_Work to be completed_
From the entries below, copy every line where the string "White" appears.
:: Provided information
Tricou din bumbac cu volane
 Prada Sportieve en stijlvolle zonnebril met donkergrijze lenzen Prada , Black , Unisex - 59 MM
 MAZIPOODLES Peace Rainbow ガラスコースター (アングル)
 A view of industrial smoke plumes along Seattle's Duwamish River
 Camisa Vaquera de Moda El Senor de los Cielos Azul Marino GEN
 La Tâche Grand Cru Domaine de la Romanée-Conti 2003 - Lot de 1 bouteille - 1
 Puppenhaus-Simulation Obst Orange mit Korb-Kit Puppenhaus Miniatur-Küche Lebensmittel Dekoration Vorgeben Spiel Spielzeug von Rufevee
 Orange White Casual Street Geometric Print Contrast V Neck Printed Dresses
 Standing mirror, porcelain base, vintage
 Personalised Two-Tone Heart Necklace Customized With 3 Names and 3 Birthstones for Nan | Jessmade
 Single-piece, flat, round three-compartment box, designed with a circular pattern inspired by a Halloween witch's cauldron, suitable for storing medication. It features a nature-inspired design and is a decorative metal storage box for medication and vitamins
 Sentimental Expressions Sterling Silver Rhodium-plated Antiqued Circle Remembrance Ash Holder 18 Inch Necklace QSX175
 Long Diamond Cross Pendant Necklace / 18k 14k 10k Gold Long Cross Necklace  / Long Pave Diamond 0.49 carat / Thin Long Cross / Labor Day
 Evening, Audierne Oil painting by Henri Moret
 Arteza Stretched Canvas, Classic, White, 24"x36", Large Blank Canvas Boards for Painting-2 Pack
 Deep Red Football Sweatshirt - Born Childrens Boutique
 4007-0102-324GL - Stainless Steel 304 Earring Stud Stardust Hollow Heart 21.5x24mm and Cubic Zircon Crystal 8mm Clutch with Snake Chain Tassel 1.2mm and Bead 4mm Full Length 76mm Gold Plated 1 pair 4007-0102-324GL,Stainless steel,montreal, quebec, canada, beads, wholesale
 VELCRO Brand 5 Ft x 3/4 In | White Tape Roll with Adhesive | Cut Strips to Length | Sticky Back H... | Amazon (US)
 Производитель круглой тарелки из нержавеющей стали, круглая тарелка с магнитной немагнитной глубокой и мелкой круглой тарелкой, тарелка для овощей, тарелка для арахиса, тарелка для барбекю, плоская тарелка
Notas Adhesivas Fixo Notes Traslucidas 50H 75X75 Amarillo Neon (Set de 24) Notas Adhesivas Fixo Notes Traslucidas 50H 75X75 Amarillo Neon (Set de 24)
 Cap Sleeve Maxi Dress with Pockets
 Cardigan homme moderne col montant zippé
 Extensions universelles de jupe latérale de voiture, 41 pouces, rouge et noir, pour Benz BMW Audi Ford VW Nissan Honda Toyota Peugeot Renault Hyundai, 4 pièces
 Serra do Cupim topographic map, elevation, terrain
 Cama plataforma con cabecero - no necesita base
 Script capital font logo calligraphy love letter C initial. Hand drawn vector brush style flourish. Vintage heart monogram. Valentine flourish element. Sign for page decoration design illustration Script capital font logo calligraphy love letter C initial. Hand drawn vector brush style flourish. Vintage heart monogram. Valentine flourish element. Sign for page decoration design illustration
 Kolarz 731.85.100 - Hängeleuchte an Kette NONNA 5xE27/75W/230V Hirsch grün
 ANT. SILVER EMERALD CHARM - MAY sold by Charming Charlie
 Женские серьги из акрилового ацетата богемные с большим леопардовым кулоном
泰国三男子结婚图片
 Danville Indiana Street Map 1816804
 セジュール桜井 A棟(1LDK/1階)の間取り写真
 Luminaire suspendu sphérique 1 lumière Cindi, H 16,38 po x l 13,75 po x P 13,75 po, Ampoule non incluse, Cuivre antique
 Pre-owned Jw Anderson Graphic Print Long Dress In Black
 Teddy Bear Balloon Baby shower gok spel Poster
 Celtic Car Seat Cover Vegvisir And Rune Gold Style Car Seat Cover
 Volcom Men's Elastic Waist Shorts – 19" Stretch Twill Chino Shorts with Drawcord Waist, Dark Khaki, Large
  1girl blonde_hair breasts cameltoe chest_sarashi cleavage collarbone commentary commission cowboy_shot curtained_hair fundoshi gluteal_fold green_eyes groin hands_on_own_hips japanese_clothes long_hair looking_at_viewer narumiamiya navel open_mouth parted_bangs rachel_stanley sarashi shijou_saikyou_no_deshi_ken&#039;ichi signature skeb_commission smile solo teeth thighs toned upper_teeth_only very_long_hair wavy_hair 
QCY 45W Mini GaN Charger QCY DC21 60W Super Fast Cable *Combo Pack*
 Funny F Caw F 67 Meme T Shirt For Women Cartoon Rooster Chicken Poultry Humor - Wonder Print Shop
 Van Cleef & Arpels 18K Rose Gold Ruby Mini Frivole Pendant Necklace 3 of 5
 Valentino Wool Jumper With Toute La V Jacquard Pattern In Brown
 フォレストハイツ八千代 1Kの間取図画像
::::
_Answer for the task_
 Orange White Casual Street Geometric Print Contrast V Neck Printed Dresses
 Arteza Stretched Canvas, Classic, White, 24"x36", Large Blank Canvas Boards for Painting-2 Pack
 VELCRO Brand 5 Ft x 3/4 In | White Tape Roll with Adhesive | Cut Strips to Length | Sticky Back H... | Amazon (US)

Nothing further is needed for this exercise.